- _What you should do_
Starting from the line with "VELSCRUN 6 Pack", please copy exactly every line to the end of the listing, but not the pictures.

- _Data block_
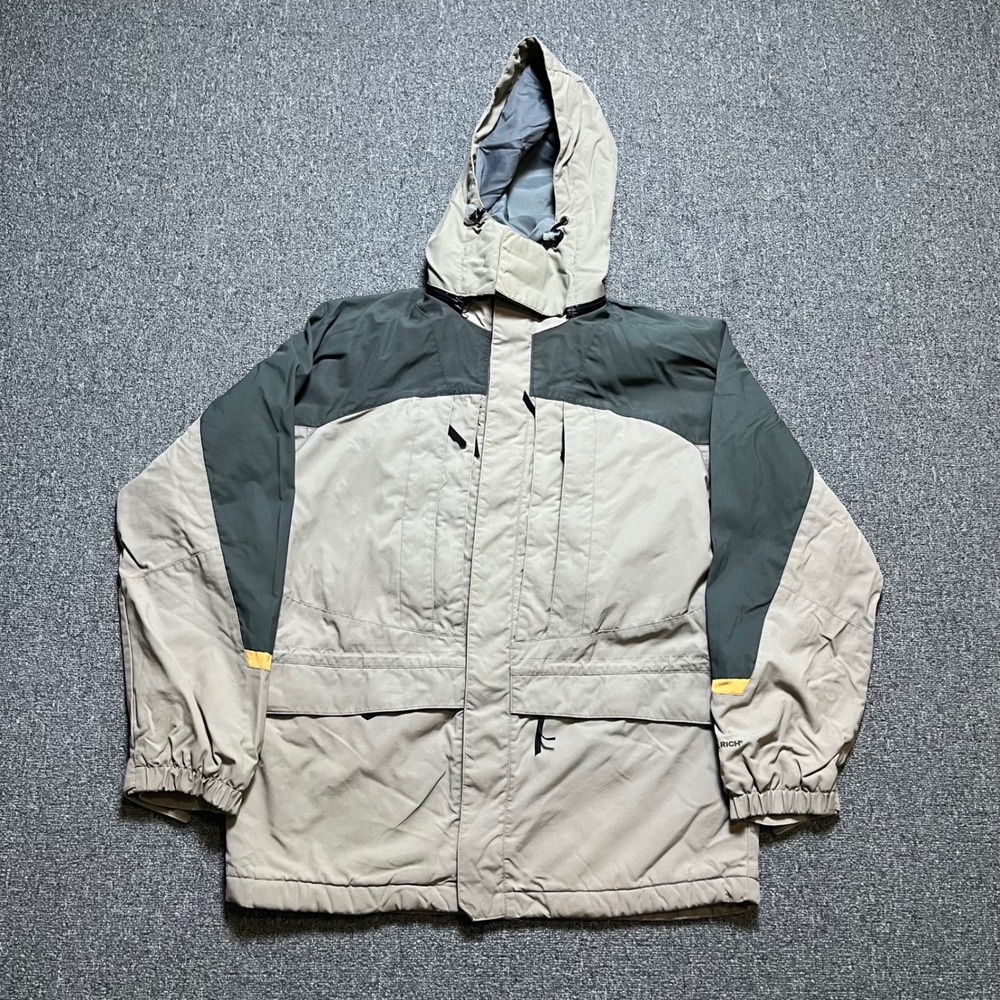 Woolrich John Rich & Bros Parka Jacket Size M‎ Tan Gray Hooded Insulated Coat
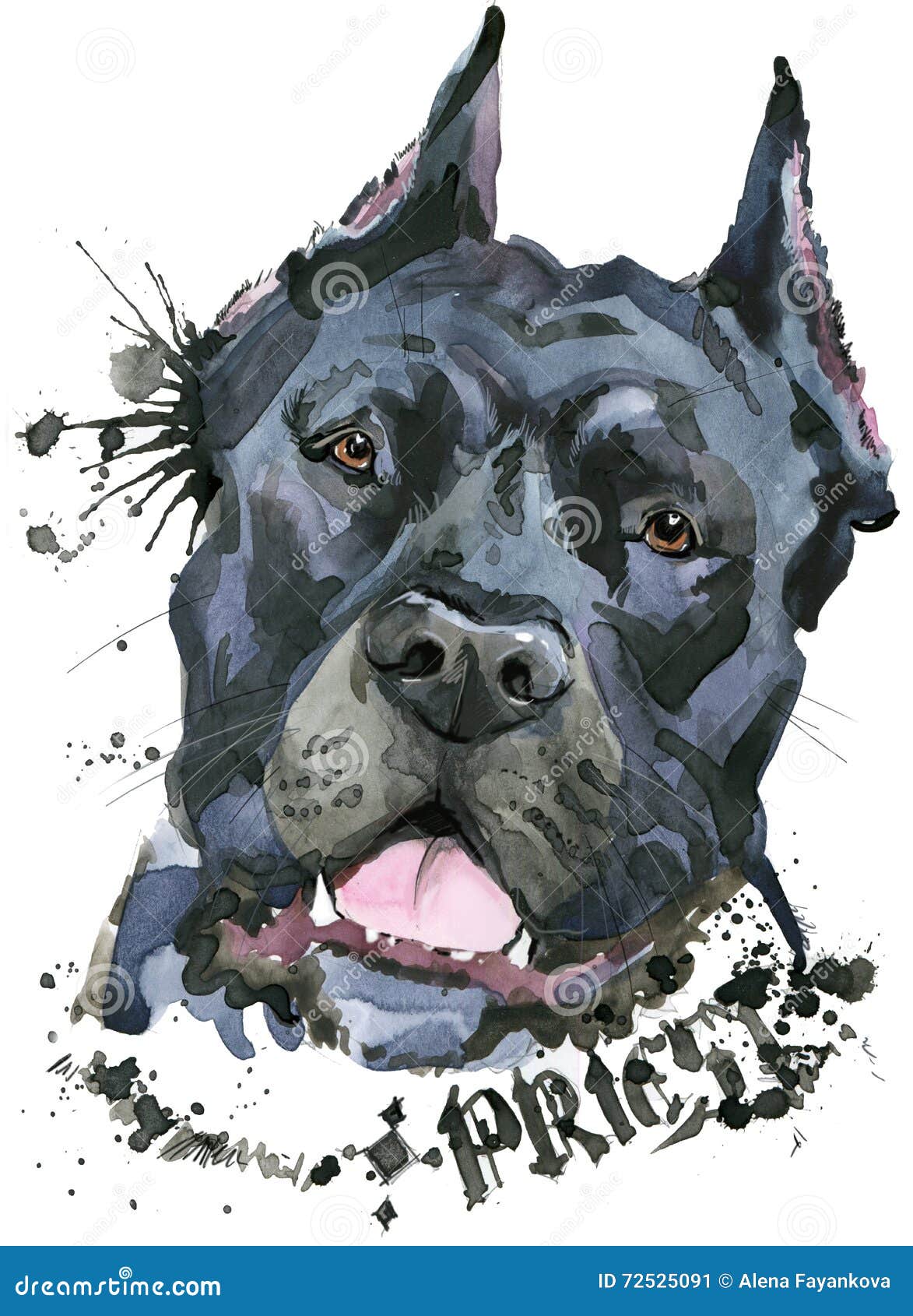 Netter Hund Hundetshirt Grafiken Aquarellhundeillustration Aggressive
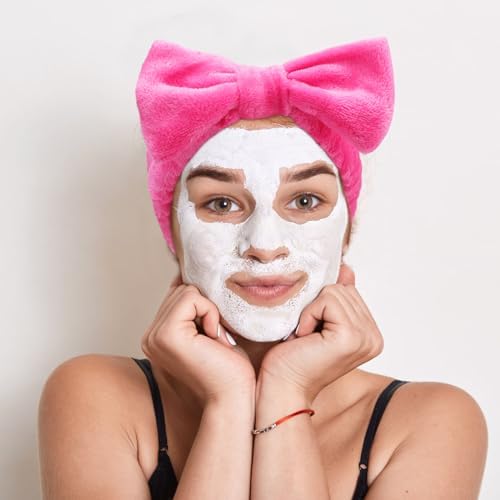 VELSCRUN 6 Pack Spa Headband, Makeup Headbands, Face Wash Headband, Skincare Headbands, Rose Pink Sponge Hair Band Bow Tie Spa Head Band for Washing Face Wristband Set Women Girls Hair Accessories - Image 7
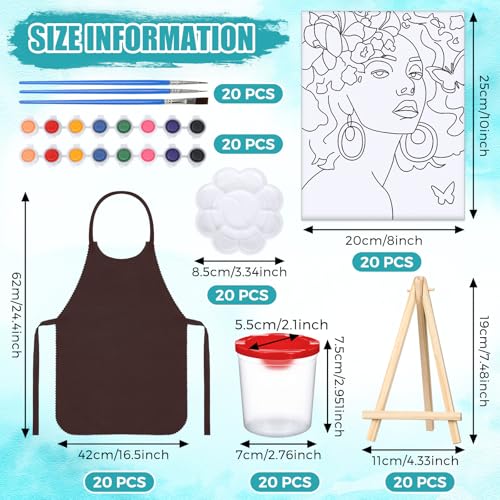 Sherr 140 Pcs 20 Set Pre Drawn Canvas Painting Kit, Black Theme - style: Black Theme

- _Expected answer_
 VELSCRUN 6 Pack Spa Headband, Makeup Headbands, Face Wash Headband, Skincare Headbands, Rose Pink Sponge Hair Band Bow Tie Spa Head Band for Washing Face Wristband Set Women Girls Hair Accessories - Image 7
 Sherr 140 Pcs 20 Set Pre Drawn Canvas Painting Kit, Black Theme - style: Black Theme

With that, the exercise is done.